Jesus was our example to sacrifice for others.

Jesus appeared as a man
“And being found in appearance as a man,” (Phil 2:8)

Jesus became 100% man. So thorough was His humanity that, apart from the declaration of angels, the Father, and Jesus Himself, those around Him wouldn’t have known that He was God in the flesh. Jesus appeared as a normal, regular person.

The King of kings – the Lord of lords – God in the flesh suffered. He wasn’t rugged and handsome; nor was He royal and kingly looking. He was unknown and rejected. Few realized that He was different.

Jesus’ success wasn’t about beauty, fame, power, fashion, or money. His number of followers didn’t even determine His success. His accomplishment of the task for which the Father had sent Him determined His success.

Jesus was our example that obedience to God is our definition of success. Our success is not about our appearance and how others perceive us. We don’t have to have special insight, a large following, glory, or money. We base our success on how God perceives us.

Jesus humbled Himself
“he humbled himself” (Phil. 2:8)

God became flesh, common man, unrecognized by almost all – but that wasn’t enough. Jesus humbled Himself; literally, He laid low.

In our early steps, Jesus lowered Himself in relation to God as He let go of His equality with God and emptied Himself of who He was. Now we see that He lowered Himself in relation to mankind – people whom He had created!

The peak of Jesus laying Himself low was during the latter days of His ministry – His arrest, trial, and crucifixion. Those He had created mocked Him, falsely accused Him, spit upon Him, beat Him, and scourged Him. They left Him naked and bloody.

Yet, He never defended Himself, never expressed bitterness, and never accused. He actually prayed for them. He didn’t demand His rights as God; He didn’t even demand His rights as a man.

Jesus was our example to lay ourselves low when others rise up against us.

Jesus obeyed unto death
“and became obedient to death” Phil. 2:8

Romans 5:19 says, “through the obedience of the one man the many will be made righteous.” Jesus is the only one who will die solely because of His attitude of obedience. You and I will die whether we’re obedient or not, but not Jesus. The only reason He died was because of obedience.
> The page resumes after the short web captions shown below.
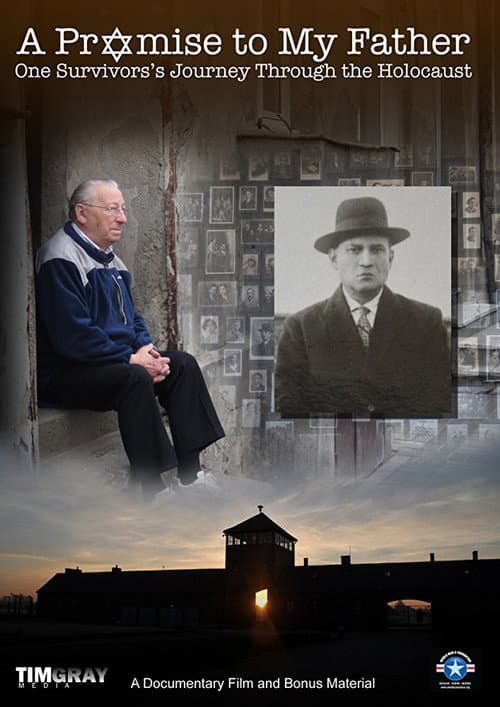 A Promise to My Father (2013) poster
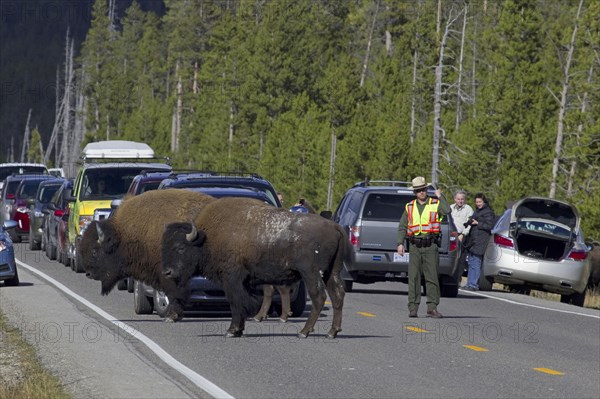 North American Bison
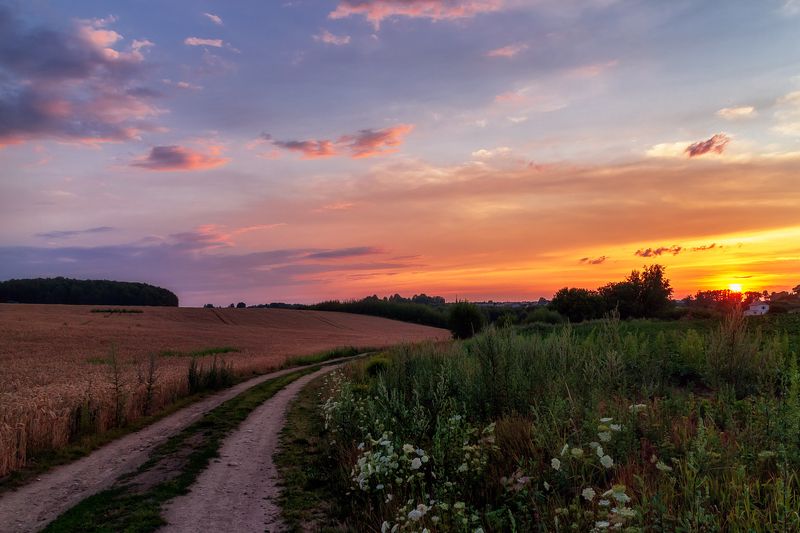 пейзаж закат вечер лето поле  фото превью
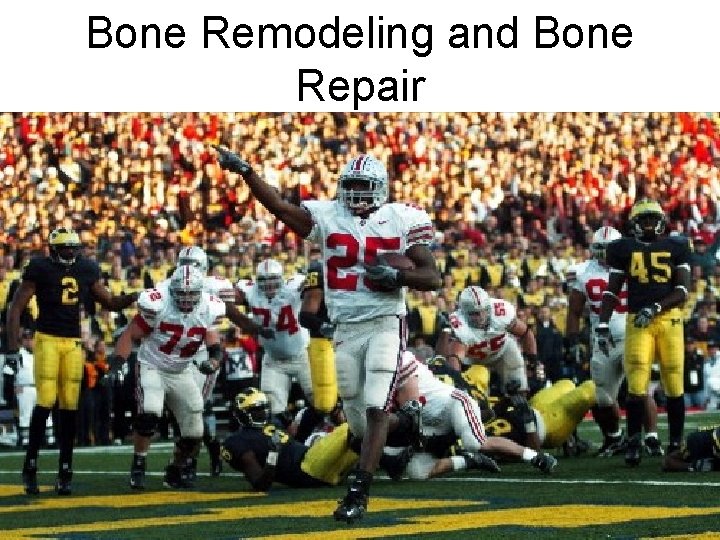 Bone Remodeling and Bone Repair 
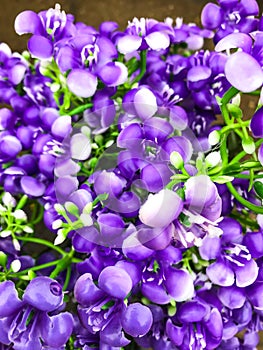 Background and texture of artificial flowers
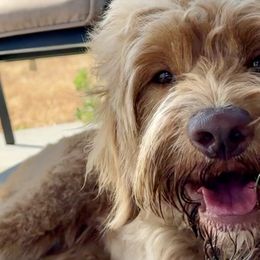 Juno - Goldendoodle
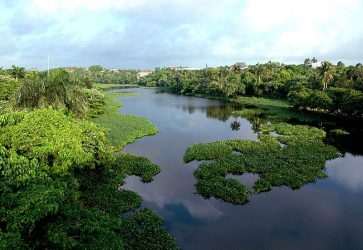 Llaman a preservar cinturón verde ríos Ozama e Isabela Llaman a preservar cinturón verde ríos Ozama e Isabela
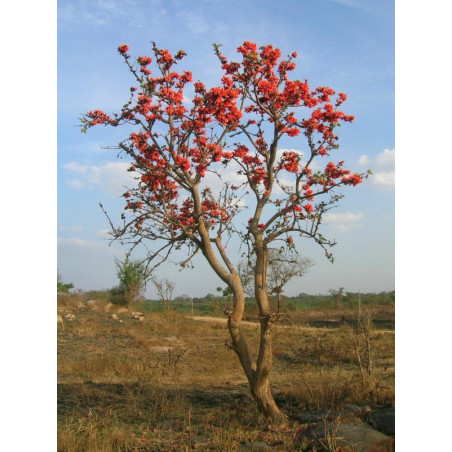  BUTEA MONOSPERMA Butea monosperma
He came to do His Father’s will – the theme of His life. Jesus chose obedience unto death because it was the will of the Father. Before His arrest, Jesus said, “The reason my Father loves me is that I lay down my life--only to take it up again. No one takes it from me, but I lay it down of my own accord. I have authority to lay it down and authority to take it up again. This command I received from my Father” (John 10:17-18).

Jesus was our example of obedience – even in extreme situations.

Jesus died on a cross
“—even death on a cross!” (Phil. 2:8)

John the Baptist was beheaded, Steven was stoned, and Jesus could have died one of many different ways. But His way was the death of the cross. The death reserved for slaves, the lowest of criminals, and enemies of Rome.

Jesus became a curse because of the type of death He endured; “Christ redeemed us from the curse of the law by becoming a curse for us, for it is written: ‘Cursed is everyone who is hung on a tree’” (Galatians 3:13)

Crucifixion was a physical torment unlike any other. Jesus’ crucifixion was a mental torment as His people rejected Him. His was a spiritual torment as the Father forsook him. Jesus final step of humility was to be mistreated unmercifully.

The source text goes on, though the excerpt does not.